#### Aim of the task:
Your task is to output, without alteration, each line from the one containing "10175 Collins Ave 307" through the final line of the records below.

#### Stored items:
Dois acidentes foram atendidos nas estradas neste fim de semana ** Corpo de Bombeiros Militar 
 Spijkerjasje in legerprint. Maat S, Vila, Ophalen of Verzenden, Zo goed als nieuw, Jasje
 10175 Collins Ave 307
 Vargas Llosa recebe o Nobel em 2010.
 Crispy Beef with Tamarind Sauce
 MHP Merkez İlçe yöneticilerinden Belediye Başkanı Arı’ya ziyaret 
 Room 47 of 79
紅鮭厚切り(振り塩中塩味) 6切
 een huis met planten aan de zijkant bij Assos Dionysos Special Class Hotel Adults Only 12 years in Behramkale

#### Response area:
 10175 Collins Ave 307
 Vargas Llosa recebe o Nobel em 2010.
 Crispy Beef with Tamarind Sauce
 MHP Merkez İlçe yöneticilerinden Belediye Başkanı Arı’ya ziyaret 
 Room 47 of 79
紅鮭厚切り(振り塩中塩味) 6切
 een huis met planten aan de zijkant bij Assos Dionysos Special Class Hotel Adults Only 12 years in Behramkale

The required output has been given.